A common question that arises is why we aren't using gcc to compile
C# code to IL.  Strategically, we would like to be able to reuse all
of the good work that has gone into gcc.  The DotGNU Project currently
has an open request for someone to volunteer to modify gcc to generate
IL bytecode.

However it isn't quite as easy as it looks.  The following script of
a hypothetical discussion provides a blow by blow account of why this
is so hard.  This script is based in part on e-mails we have exchanged
with users in the past.

Why don't you add C# to the list of languages gcc supports?

Because it won't solve the problem that we need to solve.

Initially we need a C# compiler that can generate IL bytecode for
the .NET platform.  Later, we may need a C# compiler that can
generate native code as well, but that is optional.

Putting a C# parser on the front of gcc would give us a native
compiler, but it won't give us an IL bytecode compiler.

So what?  Add an IL bytecode backend to gcc, and you'll solve your
problem, and also be able to compile C, C++, Fortran, etc, to .NET.

This is not as easy as it looks.  Gcc is divided into a number of
phases: parsing, semantic analysis, tree-to-RTL conversion, RTL
handling (including optimization), and final native code generation.

The hard part is RTL (Register Transfer Language).  This part of
gcc is hard-wired to generate code for register-based CPU's such
as i386, PPC, Sparc, etc.  RTL is not designed for generating code
for stack-based abstract machines such as IL.

Also, RTL loses a lot of the type and code structure information
that IL needs in the final output file.  By the time RTL gets the
code, information about whether a value is an integer or an object
reference is mostly lost.  Information about the class structure
of the code is lost.  This information is critical for correct
compilation of C# to IL.

But hang on a second!  Gcj, the Java back-end for gcc, does stack
machines!  Why not do something like that?

Err ... no it doesn't.  The Java bytecode stuff in gcj is not
organised as an RTL back-end.

When gcj compiles Java, it performs parsing and semantic analysis
in the front-end, like the other supported languages.  Then the
parse tree is sent in one of two different directions.

If gcj is compiling to native, the parse tree is handed to the RTL
core of the compiler, and it takes over.

If gcj is compiling to bytecode, the parse tree is handed to a
completely separate code generator that knows about Java bytecode.
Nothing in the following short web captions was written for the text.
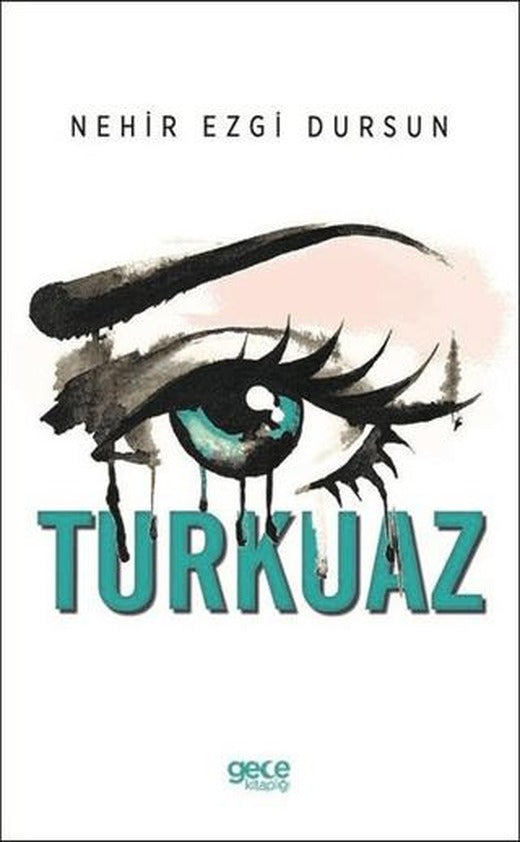 Turkuaz | Gece Kitaplığı (Ciltsiz)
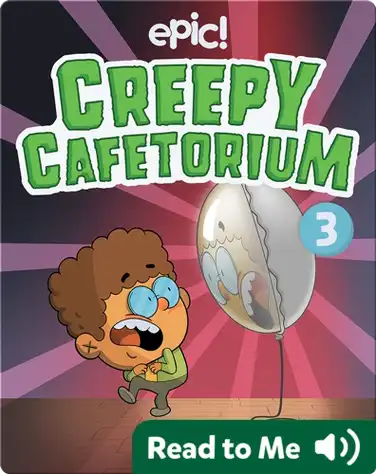 Creepy Cafetorium Book 3: The Sinister Silver Ceiling Balloon book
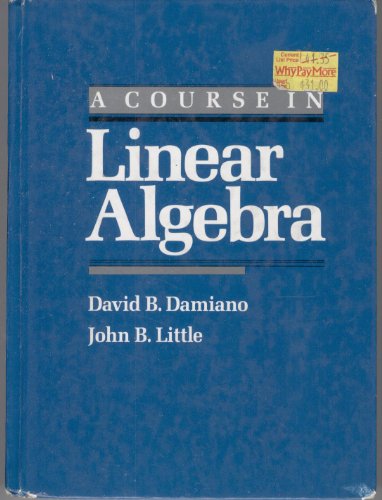 Beispielbild fr A Course in Linear Algebra zum Verkauf von Better World Books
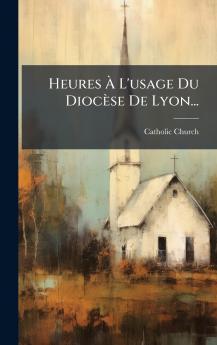 Heures Ã&#128; L'usage Du Diocèse De Lyon...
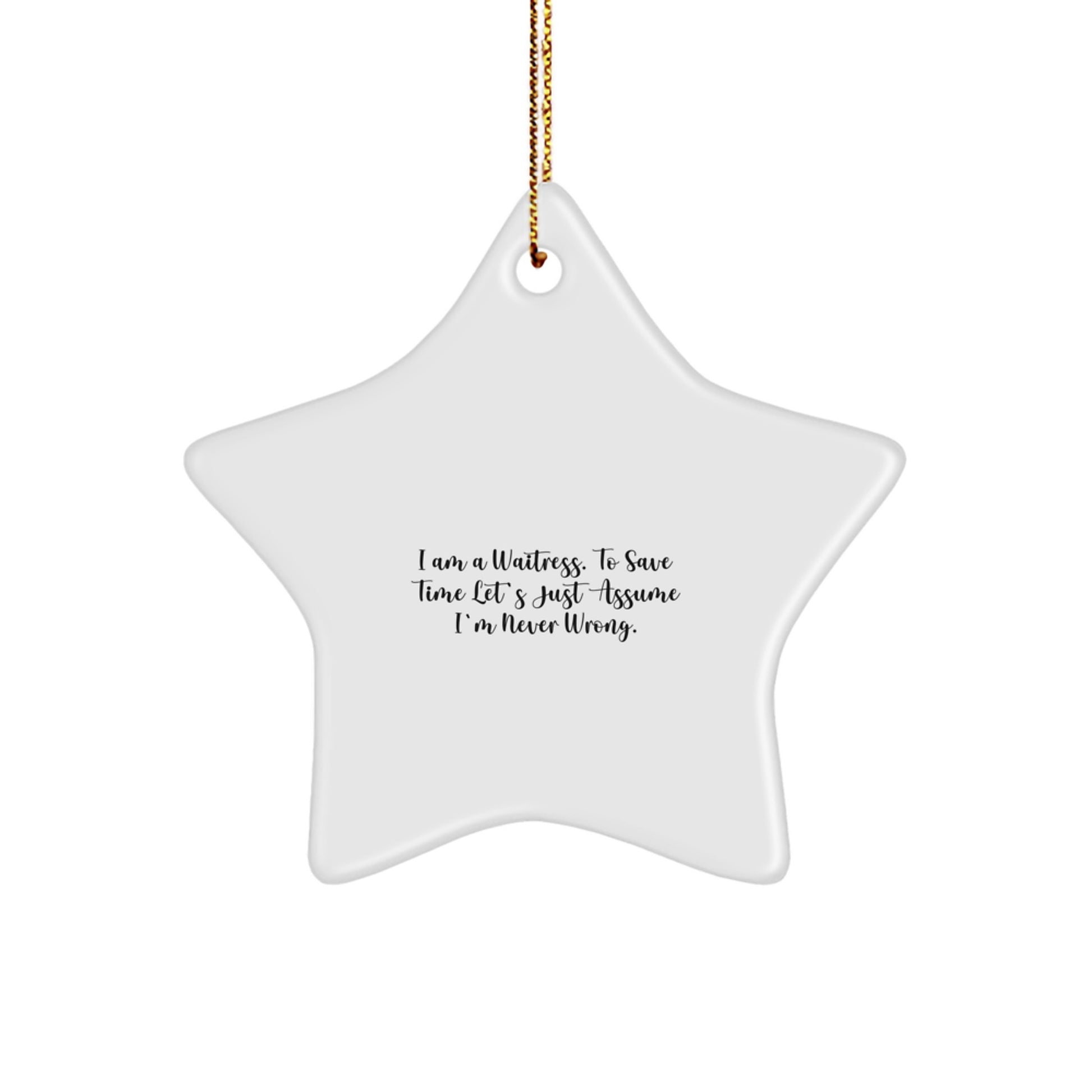 Funny Waitress Star Ornament Gifts from Men to Family for Christmas - Image 1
Because gcj does NOT implement a bytecode RTL back-end for gcc, it
cannot compile C, C++, etc down to bytecode.  Java bytecode is a
special case that only works for the Java front-end.

But what about egcs-jvm?  Doesn't it compile C to Java bytecode?

It's a hack.  The code that it generates is horrible, and does not
conform to the usual conventions that the JVM requires.  If one
compiled Java code using this back-end, it wouldn't work with
normal Java code due to the differences in calling conventions
and what-not.

The biggest problem that the author of egcs-jvm he had was
trying to work around the register machine assumptions in the code.
The result wasn't pretty.  He has said that it would be easier to
throw the JVM away and invent a register-based abstract machine
than try to make gcc generate efficient stack machine code

Isn't there a gcc port to the Transputer, which is stack-based?

Yes there is, for an older version of gcc (2.7.2).  The source can
be found at http://wotug.ukc.ac.uk/parallel/transputer/software/

It appears to compile the code to a pseudo-register machine, and then
fixes up the code to be stack based afterwards.  It takes advantage of
some register stack features in gcc that egcs-jvm didn't use.

The Transputer is still a traditional CPU despite being stack-based.
The gcc port puts pointer values into integer pseudo-registers, which would
violate the security requirements of IL.

The i386 gcc port uses a regular set of registers for integer/pointer
values, and a register stack for floating point values.  The Transputer
port uses two register stacks: one for integer/pointer values, and
the other for floating point values.  It may be possible to use three
register stacks for IL: one for integer values, another for pointer values,
and a third for floating point values.

However, this still may not give a useful result.  This fixes the security
problems for the pseudo-registers, but it doesn't fix the security problems
for memory.  RTL assumes that main memory is a flat, untyped, address space,
where any kind of value can be stored in any word.  Partitioning main memory
into separate types may not be possible without a rewrite of RTL.

OK, so do something similar to gcj for C#.  Use two code generators.
That would work right?

Yes it would, except for one small catch.

Because there are so many people who don't understand how gcc works,
they will assume that they can compile C and C++ to IL bytecode after
we release the C# patches.

Then they will discover that this isn't the case and will get
extremely angry that we didn't build what they thought we were
building.  *sigh*

Now matter how we attack the problem, we will end up having to
write an IL bytecode backend for RTL, which is extremely difficult
because of the various assumptions in the code.

Realistically, someone with a great deal of gcc knowledge needs to
go into the gcc core, rip RTL completely out, throw it away, and
replace it with something that knows about both register machines
and stack machines.

Alternatively, someone could create a STL (Stack Transfer Language),
that passes all languages through a separate code generator that
knows about stack machines.  Then we can write STL back-ends for
IL and JVM bytecode.  Both gcj and DotGNU would benefit from this.

We're not buying it.  It's not as hard as you think.?

Fine.  Prove us wrong.  Download the gcc sources and have at it.
The Transputer port may be a good place to start to get ideas,
or it may not.


JILC does not work and gcj does not compile C++ ... otherwise your 
idea seems ok to me >:-)...